In News

By Daniel Mahar

Consider how much time and money goes into research to enable us to live longer and healthier lives, how much we invest to help us understand what happens inside our body, our mind, and what makes us happy.

Because of this, it’s critical that when, after following the progress of a group of people for an extended period of time, finally gathering all the data they can offer, we must use the best possible methods to analyse that data. Anything less and we would be doing a disservice to not only all the people who volunteered their time or underwent treatments but also to everyone involved in that field of research and indeed, all the other statisticians out there.

During my AMSI Vacation Research Project, I have been working on various methods of analysing time dependent data, looking at the strengths and weaknesses of the different methods and what happens when choosing the wrong method to analyse the data. With the improvement in technology and computing power that’s occurred over the past 15 years, as well as the involvement of open source statistical software such as R, we can now use more advanced methods, such as Generalised Least Squares (GLS) and Linear Mixed Effects (LME) models to improve upon the more commonly used methods such as Repeated Measures ANOVA (RMANOVA).

An important aspect of this is the ability to choose a more customised correlation structure to more accurately account for the natural errors which exist when taking random samples and one which more accurately reflects the nature of people and how they change over time.

Given the relatively recent developments of GLS and LME, testing showed that although both attempt to estimate the same coefficients and confidence intervals, they go about it in different ways and consequently, whilst there was little or no difference in their estimation of the coefficients, there was a significant difference between the two methods in estimating their confidence intervals. This difference also turned out to be the most significant difference, more so than the choice of correlation structure chosen within each model.

The question still remains of which model to choose and more importantly, why?
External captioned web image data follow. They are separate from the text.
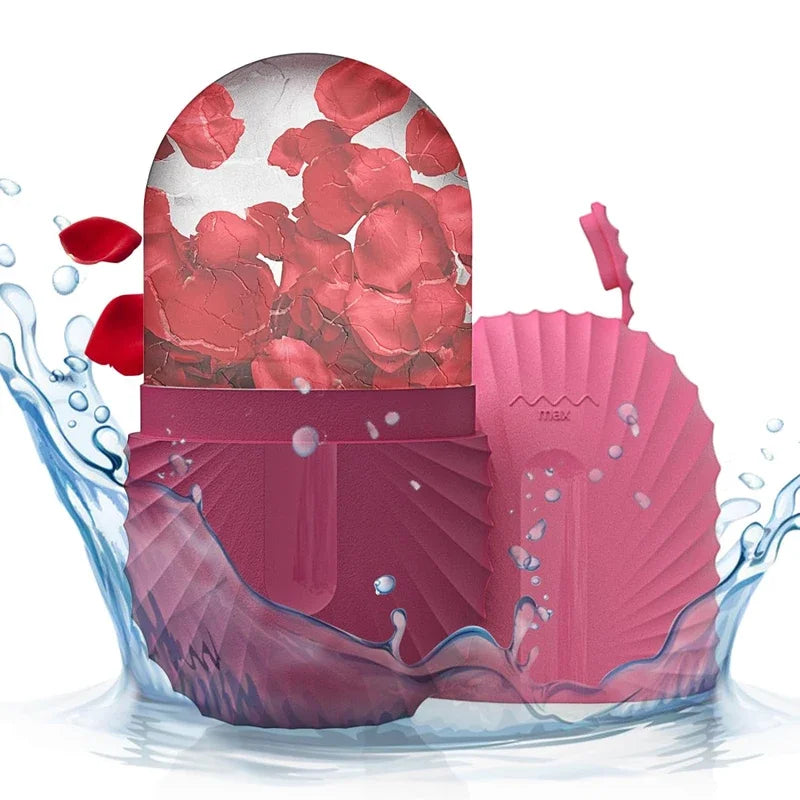 Roller Facial Glacé Silicone - Anti-Poches Yeux Resserre Pores Massage Visage
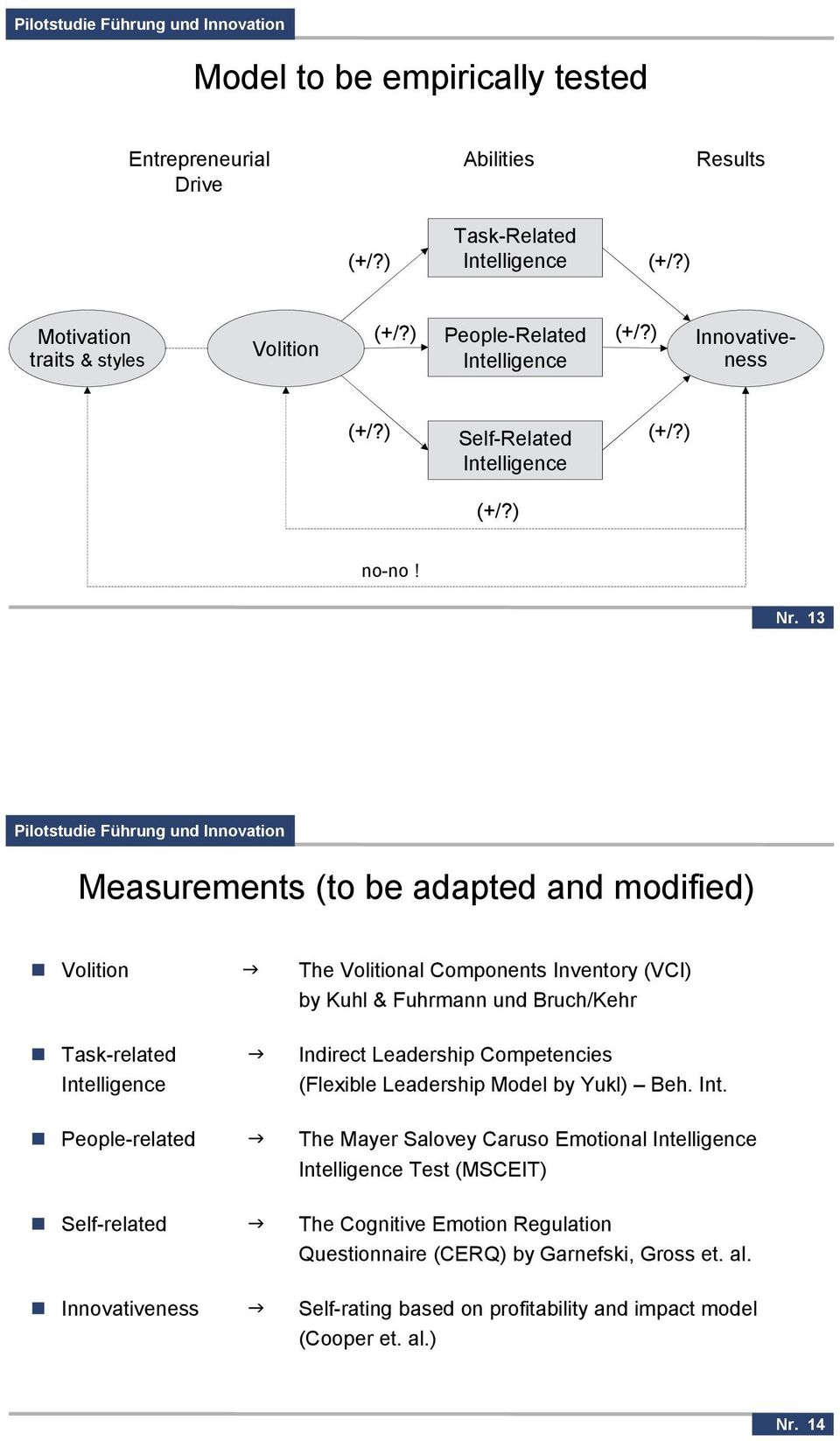 13 Measurements (to be adapted and modified) Volition The Volitional Components Inventory (VCI) by Kuhl & Fuhrmann und Bruch/Kehr Task-related Indirect
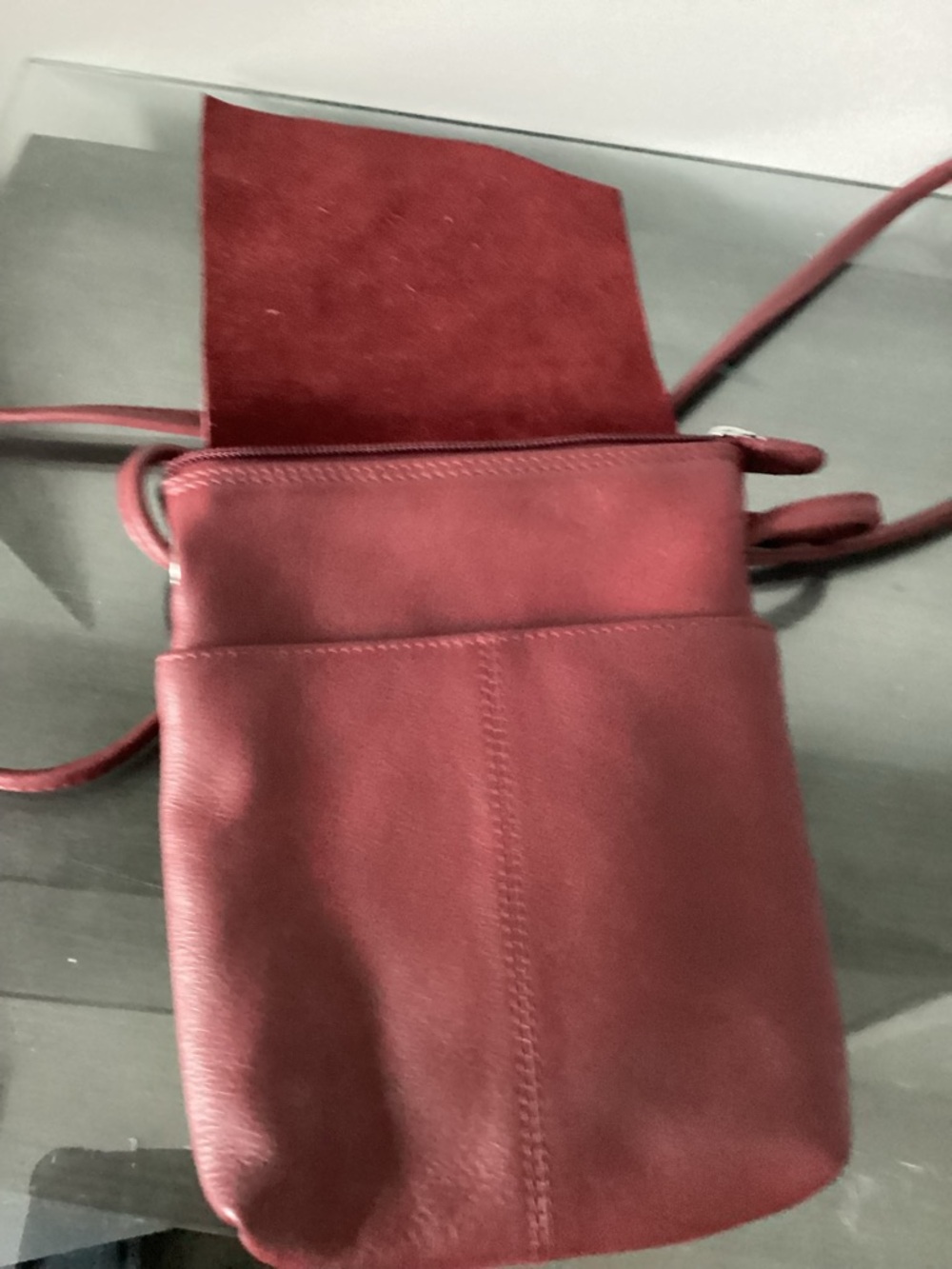Women's Red Genuine Leather/Suede Crossbody Flap Renn Festival Bag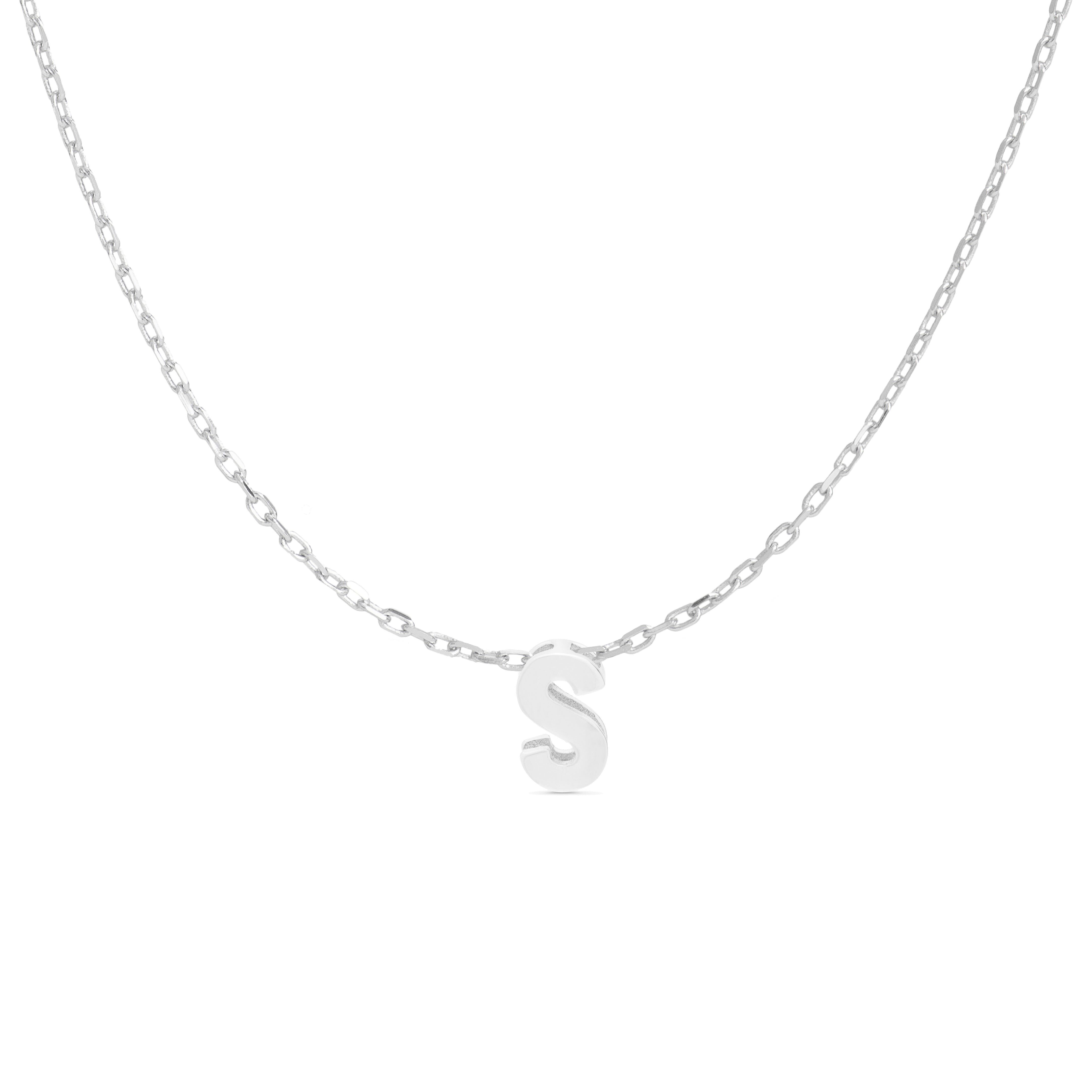 Collana Luxenter in argento sterling 925 con finitura rodio - Alfabeto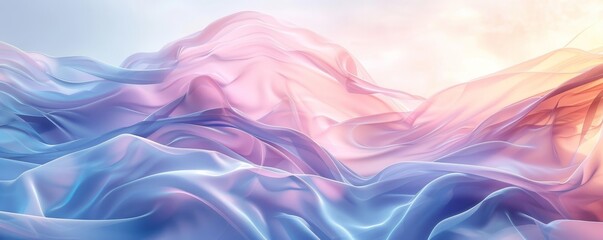 Abstract flowing fabric in pastel pink, blue, and purple tones.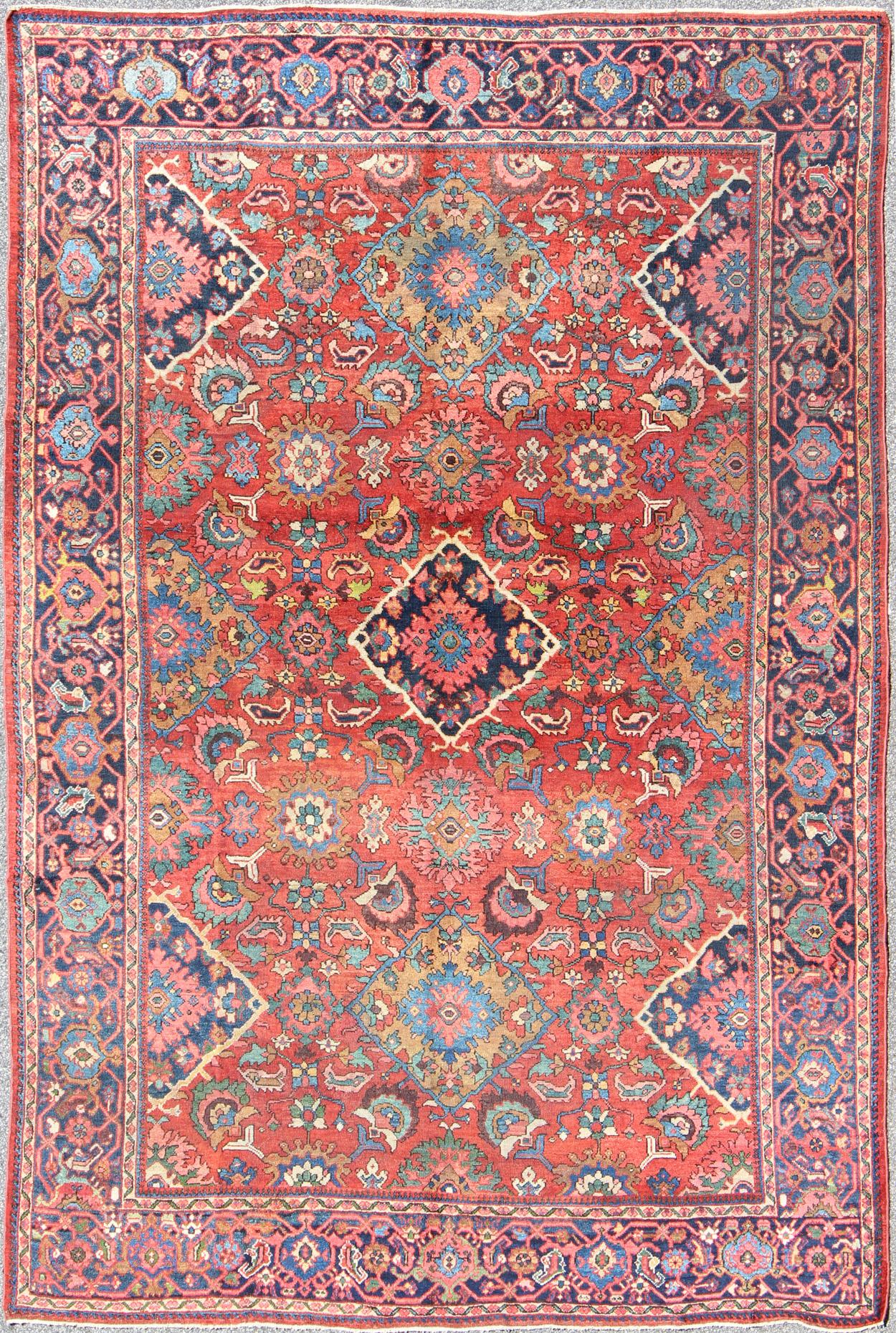 Antique Sultanabad Rug with All Over Diamond Medallions & Floral Motifs For Sale 2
Sadly there is no definitive answer here, each model may well be more suitable under different circumstances and indeed, the best model may yet be an unknown model that lies somewhere in between the GLS and LME. What is important is that as the statistician, you’re able to justify why you’re choosing that model, why it works best under the given circumstances and consequently, why you have the most accurate possible results that can be relied upon for decision making.

 

Daniel Mahar was one of the recipients of a 2013/14 AMSI Vacation Research Scholarship.